Konağın geri kalanı olan bitenden habersiz akşam yemeği için hazırlık yapıyordu. Melek, İlyasın biricik kardeşiydi İlyas onu iki gözü gibi sakınırdı Mardinde onun kadar şanslı kız yoktu abisi okumasını sonuna kadar destekliyor hatta bazen onu motive bile ediyordu. Zişan İlyasın halasının kızıydı o da son yedi senesini bu konakta geçirmişti farkli sebeplerden dolayı. Mutfak bu iki kız ve diğer üç yardımcıyla hızlıca çalışıyordu.

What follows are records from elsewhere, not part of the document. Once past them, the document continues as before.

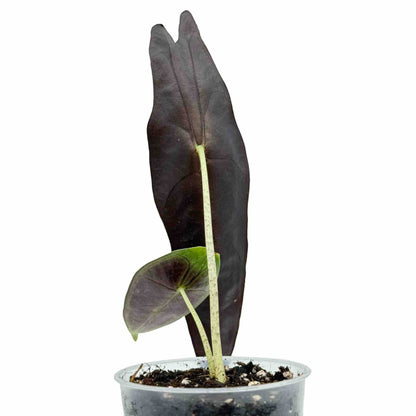 Alocasia Longiloba Purple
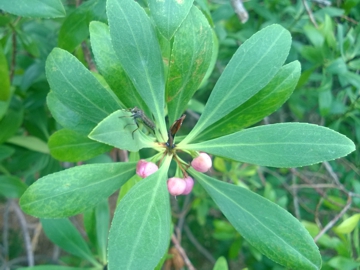 Myoporum insulare / Mirioporum delle isole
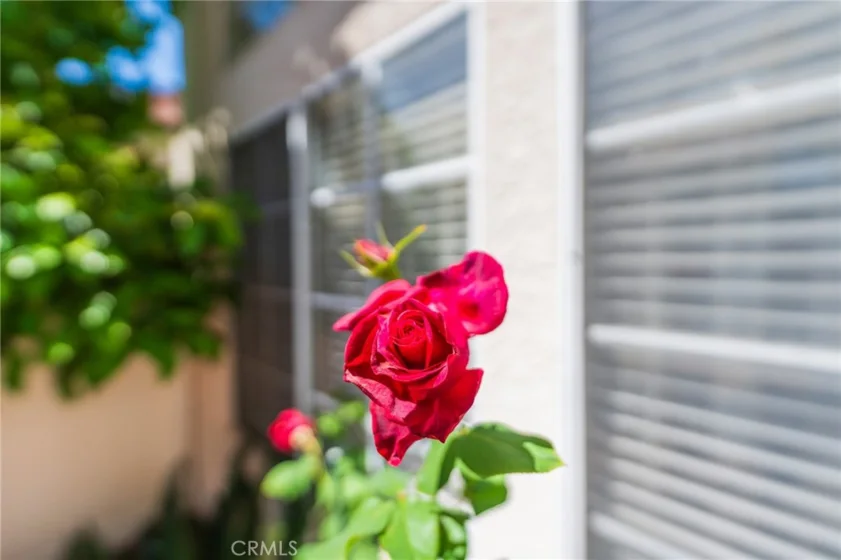 38 Carnation photo 32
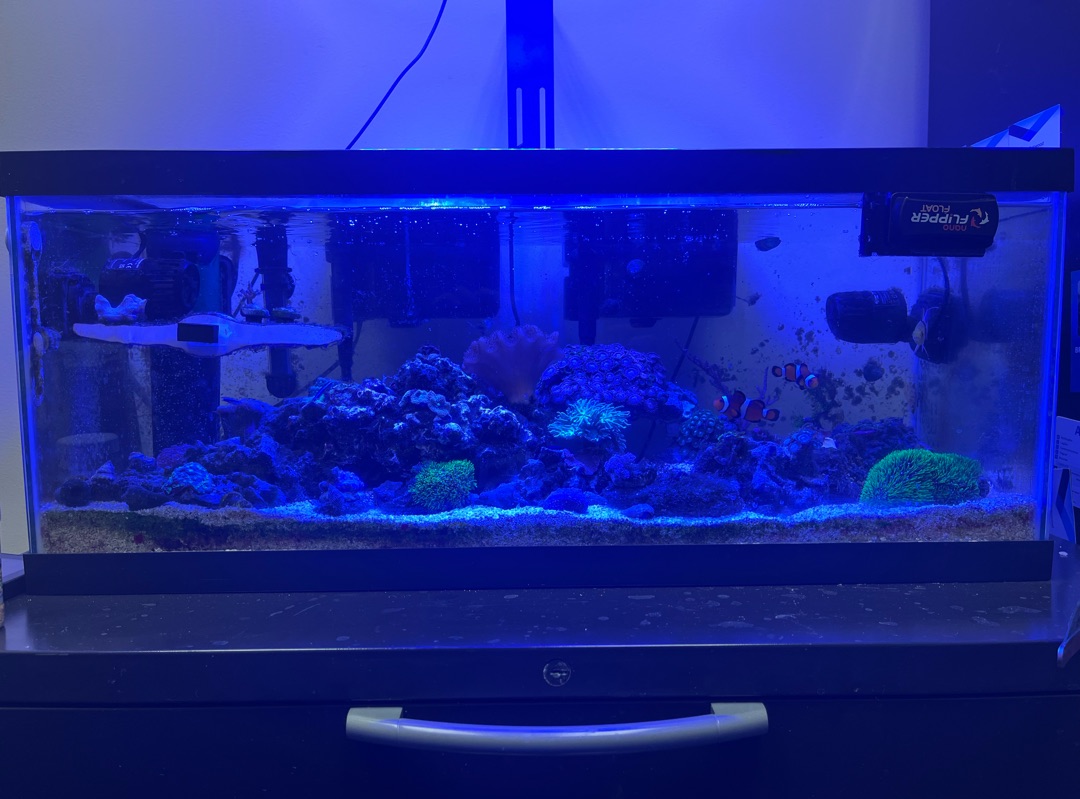 Tank Image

Dila Zilanın ağrı kesicileriyle ve biraz uykuyla kendine gelmişti şimdi ne yapacağını düşünüyordu aklına tekrardan kaçmak geldi ama bu sefer saçmalık olurdu intihar etmeyi aklından bile geçirmiyordu.
"Zilan ben napıcam"
"Birşey yapmayacaksın kuzum her şey halloldu işte Welat yaklaşmaz daha sana"
"Sen öyle san kızlarını verdiler bi kere Welat bıraksa babasıyla kardeşleri bırakmaz bu işin yakasını napıcam ben"
Kapıdan içeri giren İlyasın sesiyle iki kadında irkildi.
"Benimle evleneceksin."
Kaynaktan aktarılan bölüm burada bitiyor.